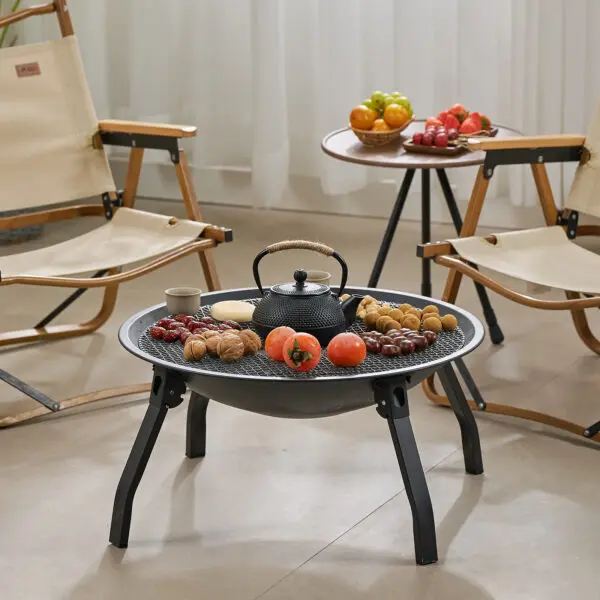 BISINNA Outdoor Fire Pit, 22in Foldable Charcoal Burning Fire Pit, Folding Legs for Camping, Picnic, Bonfire - Image 5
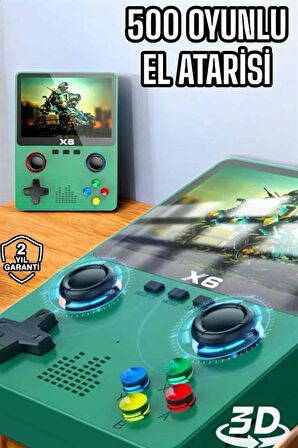 Çocuklara Özel 666 Oyunlu X6 Atari Video İzleme ve Müzik Dinleme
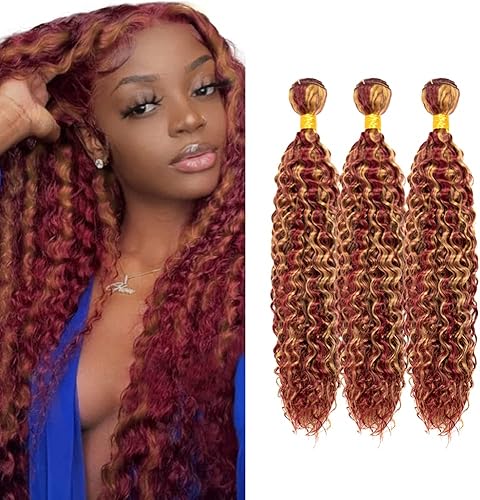 Vinmdonm P1B99J Human Hair Bundles Ombre Burgundy Body Wave 3 Bundles 26 28 30 i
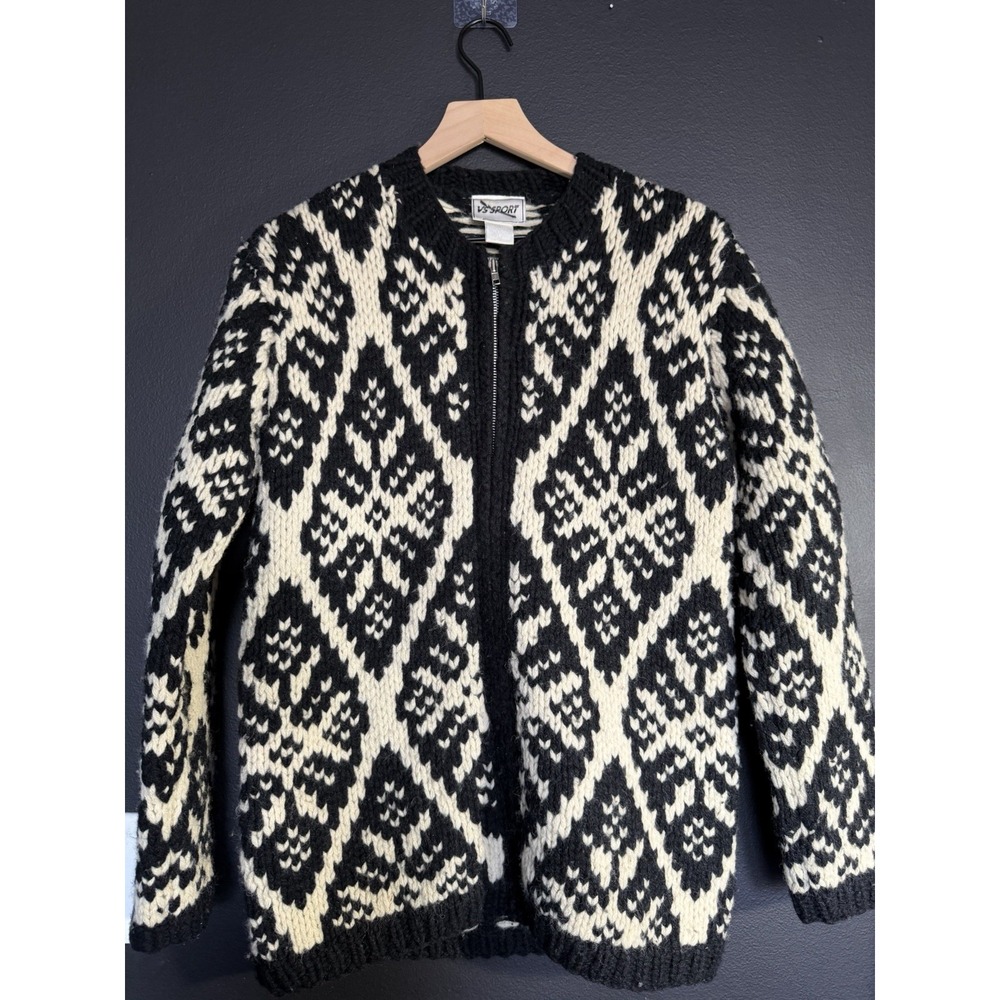 VTG VS Sport Womens Small Cream Black Diamond Wool Long Sleeve Full Zip‎ Sweater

Aim of the task: Write the data above out again exactly, minus its pictures.

Response:
 BISINNA Outdoor Fire Pit, 22in Foldable Charcoal Burning Fire Pit, Folding Legs for Camping, Picnic, Bonfire - Image 5
 Çocuklara Özel 666 Oyunlu X6 Atari Video İzleme ve Müzik Dinleme
 Vinmdonm P1B99J Human Hair Bundles Ombre Burgundy Body Wave 3 Bundles 26 28 30 i
 VTG VS Sport Womens Small Cream Black Diamond Wool Long Sleeve Full Zip‎ Sweater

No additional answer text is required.